**Activity**: Can you restate the lines of the entries below, word for word, from the first one through the line that includes "Truly, truly, I"?
═══
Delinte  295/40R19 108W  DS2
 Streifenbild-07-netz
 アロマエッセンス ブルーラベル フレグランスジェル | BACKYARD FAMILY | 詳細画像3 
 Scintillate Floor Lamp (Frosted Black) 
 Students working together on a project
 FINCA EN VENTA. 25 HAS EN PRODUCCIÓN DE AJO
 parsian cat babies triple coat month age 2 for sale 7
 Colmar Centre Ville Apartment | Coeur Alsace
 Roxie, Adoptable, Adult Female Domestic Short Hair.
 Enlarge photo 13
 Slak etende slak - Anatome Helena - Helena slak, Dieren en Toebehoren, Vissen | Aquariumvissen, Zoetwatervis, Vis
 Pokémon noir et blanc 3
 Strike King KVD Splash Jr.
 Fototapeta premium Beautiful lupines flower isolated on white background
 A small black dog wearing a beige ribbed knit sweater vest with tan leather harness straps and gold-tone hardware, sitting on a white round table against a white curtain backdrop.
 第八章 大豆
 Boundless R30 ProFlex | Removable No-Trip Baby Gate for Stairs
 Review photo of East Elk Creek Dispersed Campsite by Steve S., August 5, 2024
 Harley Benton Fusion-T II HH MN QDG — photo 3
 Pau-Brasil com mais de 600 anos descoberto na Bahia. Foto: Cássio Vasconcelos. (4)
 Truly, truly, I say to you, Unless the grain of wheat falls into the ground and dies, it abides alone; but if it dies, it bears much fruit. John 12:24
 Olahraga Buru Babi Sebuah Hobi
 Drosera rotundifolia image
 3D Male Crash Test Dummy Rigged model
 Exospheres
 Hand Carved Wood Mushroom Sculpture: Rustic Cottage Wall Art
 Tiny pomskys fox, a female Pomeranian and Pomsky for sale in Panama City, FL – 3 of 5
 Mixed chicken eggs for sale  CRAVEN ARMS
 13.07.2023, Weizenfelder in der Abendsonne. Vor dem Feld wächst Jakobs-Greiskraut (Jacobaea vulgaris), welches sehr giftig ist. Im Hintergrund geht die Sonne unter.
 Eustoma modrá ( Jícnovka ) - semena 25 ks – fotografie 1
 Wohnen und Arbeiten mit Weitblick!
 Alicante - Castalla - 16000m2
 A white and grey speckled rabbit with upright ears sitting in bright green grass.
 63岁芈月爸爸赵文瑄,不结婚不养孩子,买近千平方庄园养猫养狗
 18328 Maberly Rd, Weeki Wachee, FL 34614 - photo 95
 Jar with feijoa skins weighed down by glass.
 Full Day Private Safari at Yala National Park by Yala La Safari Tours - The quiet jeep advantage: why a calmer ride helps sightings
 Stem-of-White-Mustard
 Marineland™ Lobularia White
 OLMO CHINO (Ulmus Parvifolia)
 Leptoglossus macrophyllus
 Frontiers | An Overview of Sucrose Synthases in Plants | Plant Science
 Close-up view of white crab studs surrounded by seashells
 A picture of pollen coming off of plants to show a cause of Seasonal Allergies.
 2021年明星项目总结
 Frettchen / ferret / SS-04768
═══
**Response to this task**:
Delinte  295/40R19 108W  DS2
 Streifenbild-07-netz
 アロマエッセンス ブルーラベル フレグランスジェル | BACKYARD FAMILY | 詳細画像3 
 Scintillate Floor Lamp (Frosted Black) 
 Students working together on a project
 FINCA EN VENTA. 25 HAS EN PRODUCCIÓN DE AJO
 parsian cat babies triple coat month age 2 for sale 7
 Colmar Centre Ville Apartment | Coeur Alsace
 Roxie, Adoptable, Adult Female Domestic Short Hair.
 Enlarge photo 13
 Slak etende slak - Anatome Helena - Helena slak, Dieren en Toebehoren, Vissen | Aquariumvissen, Zoetwatervis, Vis
 Pokémon noir et blanc 3
 Strike King KVD Splash Jr.
 Fototapeta premium Beautiful lupines flower isolated on white background
 A small black dog wearing a beige ribbed knit sweater vest with tan leather harness straps and gold-tone hardware, sitting on a white round table against a white curtain backdrop.
 第八章 大豆
 Boundless R30 ProFlex | Removable No-Trip Baby Gate for Stairs
 Review photo of East Elk Creek Dispersed Campsite by Steve S., August 5, 2024
 Harley Benton Fusion-T II HH MN QDG — photo 3
 Pau-Brasil com mais de 600 anos descoberto na Bahia. Foto: Cássio Vasconcelos. (4)
 Truly, truly, I say to you, Unless the grain of wheat falls into the ground and dies, it abides alone; but if it dies, it bears much fruit. John 12:24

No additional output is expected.